Prenons d’abord le sabotage. Cette méthode s’attaque directement à l’information comme ressource vitale, à son stockage, son traitement ou sa transmission. En paralysant des infrastructures critiques – qu’il s’agisse de réseaux électriques, de systèmes de communication ou de bases de données stratégiques – le sabotage vise à priver un État de ses moyens d’action ou à semer le chaos. Les cyberattaques de ce type ont déjà marqué l’histoire récente. On pense immédiatement à Stuxnet, ce ver informatique sophistiqué qui, au début des années 2010, a saboté les centrifugeuses iraniennes en perturbant leur fonctionnement à distance. Au-delà de la technique, ce type d’opération révèle une intention claire : perturber l’adversaire dans sa capacité à exploiter ses ressources d’information et, par extension, son contrôle sur le terrain.
L’espionnage, lui, incarne une quête pour l’information. Il ne s’agit plus de détruire mais de s’introduire, souvent silencieusement, pour capter des données sensibles, qu’elles concernent des secrets industriels, des négociations diplomatiques ou des stratégies militaires. Le cyberespionnage est peut-être la forme la plus ancienne de ces attaques, mais elle a pris une ampleur sans précédent dans notre monde hyperconnecté. Ce n’est plus seulement une question d’exfiltration discrète ; c’est une guerre constante d’accès, avec des outils aussi divers que des logiciels malveillants, des attaques de phishing ou des techniques d’exploitation des failles humaines. Les révélations sur les opérations de la NSA et de ses homologues à travers le monde montrent que même les alliés ne sont pas à l’abri de ces pratiques. L’objectif ? Comprendre l’autre, anticiper ses mouvements, ou parfois l’influencer subtilement en exploitant ses vulnérabilités informationnelles.
Enfin, la subversion est peut-être la plus insidieuse des trois approches. Ici, l’information n’est pas la cible ou la ressource, mais l’arme elle-même. La subversion s’appuie sur la capacité à manipuler l’information pour semer le doute, influencer les opinions publiques, ou même affaiblir la cohésion sociale d’un État. Ce type d’attaque est intimement lié à l’essor des réseaux sociaux, qui offrent un terreau fertile pour la désinformation et les campagnes de propagande. Lors des élections présidentielles américaines de 2016, par exemple, la diffusion massive de fausses informations et l’exploitation algorithmique des biais cognitifs ont illustré la puissance destructrice de la subversion numérique. La cible n’est pas un système informatique, mais le tissu social d’une nation, avec l’intention de fracturer ou de polariser ses citoyens.

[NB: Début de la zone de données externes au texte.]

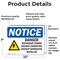 Signmission Danger Secondary Power Source Sign, Vinyl Decal, 10in W x 7in L, 2PK OS-2PACK-NS-D-710-L-10920 - alternate 4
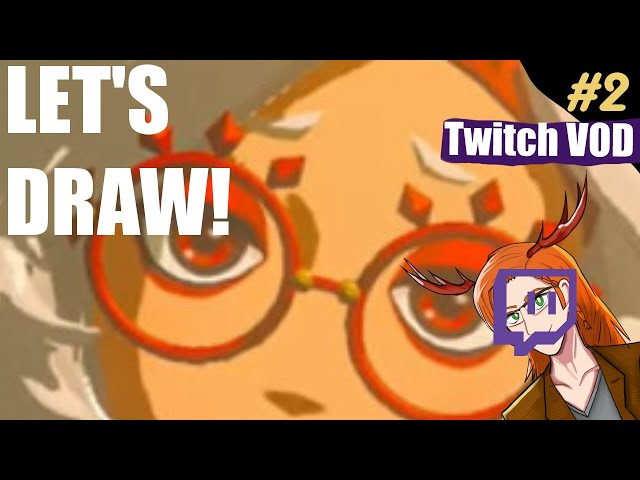 Drawing Purah! Part 2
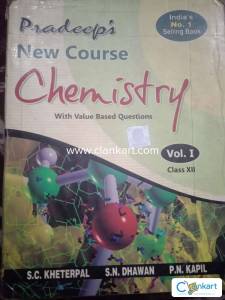 Pradeep chemistry for class 12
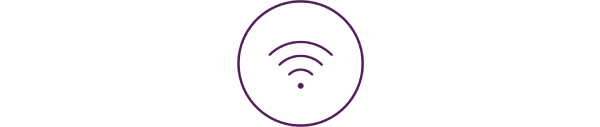 We're connected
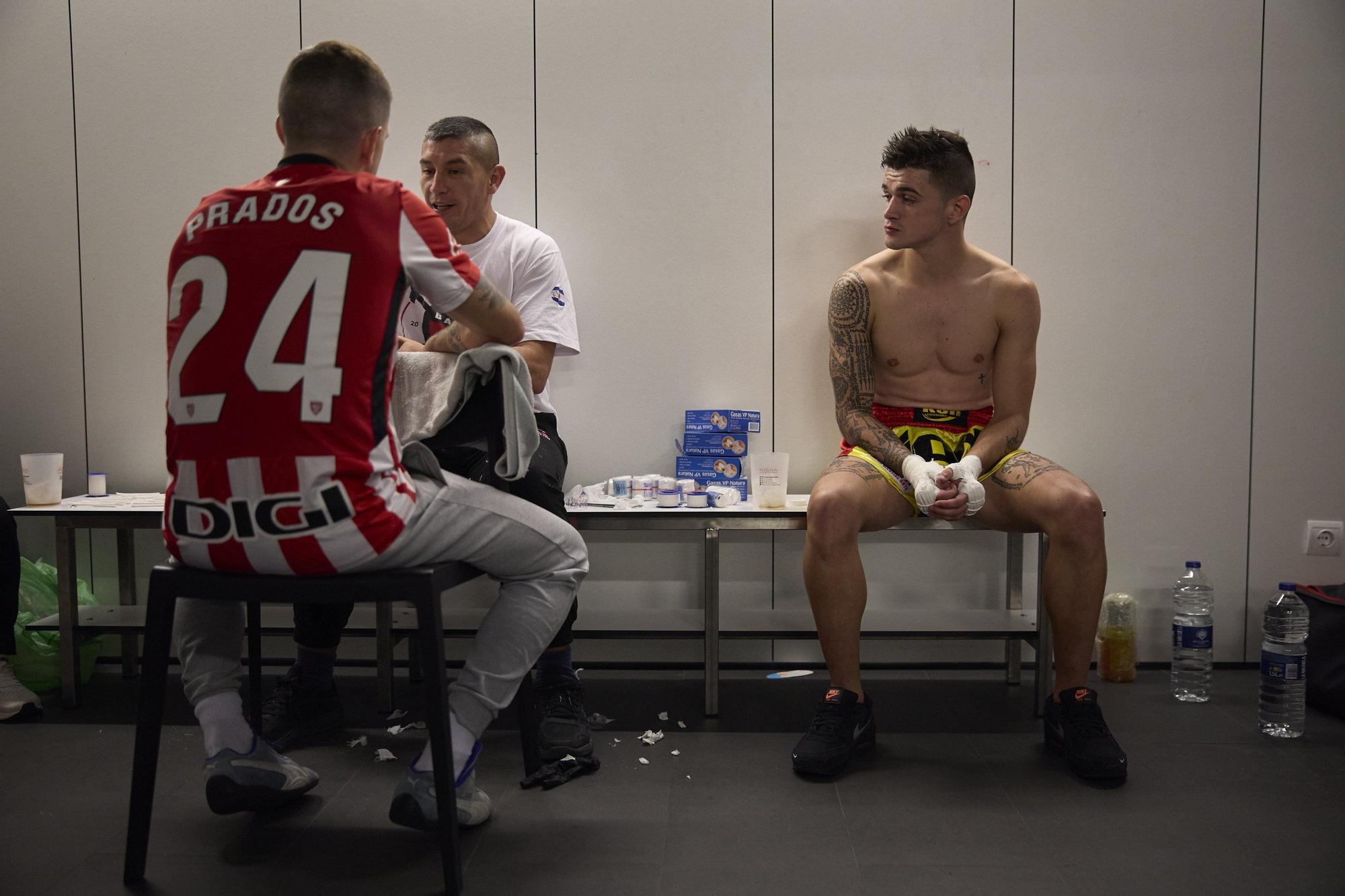 El Muay Thai pone en pie el Navarra Arena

Ce qui lie ces trois formes de cyberattaques, c’est leur dépendance à l’information comme centre de gravité. Elles révèlent que les conflits modernes ne se jouent plus seulement sur des champs de bataille physiques, mais dans des sphères immatérielles où la maîtrise de l’information détermine la victoire ou la défaite. Cette réalité impose un changement de paradigme pour les États, qui doivent penser la défense nationale au-delà des simples infrastructures militaires. Il ne s’agit plus seulement de protéger des réseaux ou des bases de données, mais d’assurer une résilience informationnelle globale : défendre ses systèmes critiques contre le sabotage, préserver la confidentialité face à l’espionnage, et protéger l’esprit de ses citoyens contre les manipulations insidieuses de la subversion.